I understand, that religion gives support, help and protection in the face of God.
On the other hand, religion is used in bad ways by some people.


I understand the reasoning of Pro, but I do not accept this view.

I believe that religion is the backbone to the human race irregardless of religion where religion is defined as "a set of beliefs concerning the cause, nature, and purpose of the universe, especially when considered as the creation of a superhuman agency or agencies, usually involving devotional and ritual observances, and often containing a moral code governing the conduct of human affairs" [1]. It is in this context that all religions are placed, but with different sets of belief systems.

Rather than religion being the "opium" of the people, religion is the key trait a person can withhold in order to understand themselves and others and that there is no way religion can be used to have a negative impact as mentioned by Pro.

Debate Round No. 1


I agree with Con in the definition of religion and in its importance in our lives, but I mentioned about bad influence of some people.

Let's clarify the definition of opium. It's an euphoria-causing narcotic that makes people addictive to it. Karl Marx compared religion to opium for clear purpose. He wanted to show us that religion has a great power over people.
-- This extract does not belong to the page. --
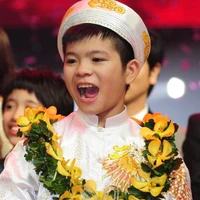 Q.anh bé( 8 Tuổi )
Although religion is hope, faith and belief in sacred for people, it also causes conflicts between different religious, controls people and kill individuals.

First of all, people who are very addictive to religion and don't accept other religions are more likely to create conflicts. We can see this from the example of never-ending struggle between Shiites and Sunnies in the Middle East. Even if those types of Muslims are related to one religion Islam, they still have conflicts, because of exuberant involvement into religion and in-depth concern on the differences. Also the war in the former of Yugoslavia in 1990s, when 3 major religious groups have been clashed for gaining stronger power in the region. In this case, religious authorities showed their irresponsibility and used ordinary religious people in the war.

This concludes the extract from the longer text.